Le cinquième constat est que, pour la première fois en période de paix, la situation de la jeune génération est plus difficile que celle de ses parents. La reprise économique de 1997-2000 a fait croire en la fin du tunnel, mais le taux de chômage dans les deux ans de la sortie des études est resté supérieur à 20 %, soit quatre fois plus élevé que celui de leurs parents au même âge. Trois années de reprise, évanouies maintenant, ne pouvaient corriger vingt-cinq années de déstructuration de fond.

Le sixième point est celui de la transmission de notre modèle social aux générations futures.
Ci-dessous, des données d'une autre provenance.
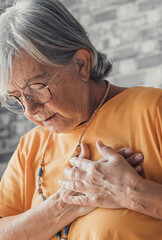 Obraz premium Upset stressed mature middle aged woman feeling pain ache touching chest having heart attack, sad worried senior older lady suffers from heartache at home, infarction or female heart disease concept.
En apparence, l’Etat-providence change avec le temps du calendrier, mais il dissimule une dynamique générationnelle. Lorsqu’en 1945, 35 annuités ont été exigées pour une retraite pleine, on a peu ou prou exclu ceux nés avant 1915, ces générations marquées par des inégalités monstrueuses entre les couches sociales privilégiées et le prolétariat industriel. Celles nées de 1920 à 1950 ont bénéficié du providentialisme, et de droits sociaux protecteurs et redistributifs croissants, propices à l’émergence d’une classe moyenne massive. Aujourd’hui, les nouveaux jeunes sortent de l’école autour de 21 ans, perdent deux ou trois années au chômage sans indemnité ou dans des activités informelles, et ne commencent à cotiser véritablement qu’autour de 23 ans. Exiger 40 années de cotisations comme aujourd’hui, 42 ans pour la proposition du rapport Charpin au Plan, voire 46,5 selon la suggestion du Medef, revient à allumer une bombe à retardement démographique qui pourrait exploser à partir de 2015, lorsque les candidats à la retraite sans cotisations suffisantes se multiplieront. Evidemment, les conditions sont plus faciles pour la fraction de la jeunesse qui passe avec succès les épreuves malthusiennes de la sélection de l’excellence scolaire ou économique, mais ce groupe s’oppose de plus en plus clairement à celui des moins qualifiés, reconstituant ainsi les germes d’une nouvelle société d’inégalité. Pour les nouvelles générations, le projet social né de l’après-guerre et qui a culminé en 1970 se délite peu à peu, avec la reconstitution au bas de la pyramide sociale des nouvelles générations d’une catégorie sociale massive, soumise à un choix qui s’apparente parfois à un chantage : entre l’exploitation et l’exclusion.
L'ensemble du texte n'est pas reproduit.